Agreement Between Countries To Reduce Trade Barriers

Apple Corporation uses a global platform to produce the iPhone. Now that you understand the concept of comparative advantage, you can see why the engineering and design of the iPhone is carried out in the United States. Over the years, the United States has developed a comparative advantage in product development and marketing, sacrificing fewer resources to design high-tech equipment compared to other countries. China has a comparative advantage in assembling the phone because of its large skilled workforce. Korea has a comparative advantage in the manufacture of components. Korea concentrates its production by increasing its volume, learning better opportunities to manufacture screens and computer chips and using innovation to reduce average production costs. Apple, on the other hand, benefits because it can buy these quality products at lower prices. Assemble the global assembly line and you have the device we all know. While free trade is generally beneficial, removing a trade barrier to a given asset harms shareholders and workers in the domestic industry that produces that good.

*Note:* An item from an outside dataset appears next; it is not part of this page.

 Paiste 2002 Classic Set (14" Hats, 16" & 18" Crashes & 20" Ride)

Some groups that are aggrieved by foreign competition have sufficient political power to protect themselves from imports. As a result, despite their considerable economic costs, trade barriers continue to exist. For example, according to the U.S. International Trade Commission, the U.S. benefit from lifting trade restrictions on textiles and clothing would have been nearly $12 billion in 2002. This is a net economic benefit after deducting losses suffered by businesses and workers in the domestic industry. Nevertheless, local textile producers were able to convince Congress to maintain strict import restrictions. Agriculture has been essentially excluded from previous agreements, as it has been granted special status in the areas of import quotas and export subsidies, with slight reserves. However, at the time of the Uruguay Round, many countries considered the agricultural exception so egregious that they refused to sign a new no-move agreement for agricultural products.

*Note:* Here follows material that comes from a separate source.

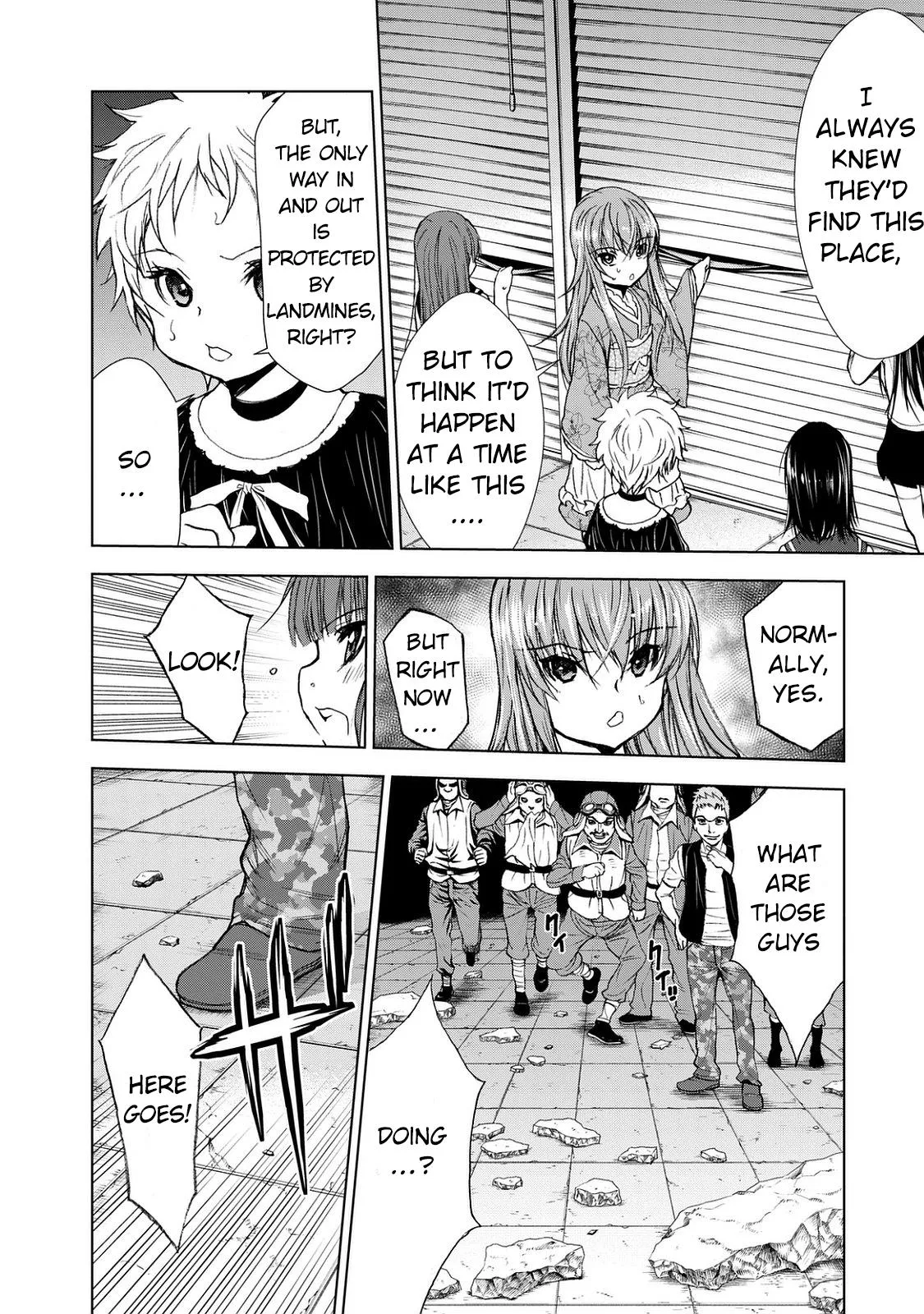 Read U12 chapter 25 image 24 on Lezhin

These fourteen countries were known as the “Cairns Group” and consisted mainly of small and medium-sized agricultural exporters such as Australia, Brazil, Canada, Indonesia and New Zealand. World BankIntersisEd Finance Institute that provides economic assistance to poor and developing countries. is an important source of economic assistance to poor and developing countries. With the help of rich donor countries (such as the United States, Japan, Germany and the United Kingdom), the World Bank has provided nearly $73 billion in loans, grants and guarantees to some of the world`s poorest countries. The World Bank`s 2010 Annual Report, June 2010, web.worldbank.org/WBSITE/EXTERNAL/EXTABOUTUS/EXTANNREP/EXTANNREP2010/0,,contentMDK:22626599~menuPK:7115719~pagePK:64168445~piPK:64168309~the SitePK:7074179.html statements (published August 25, 2010).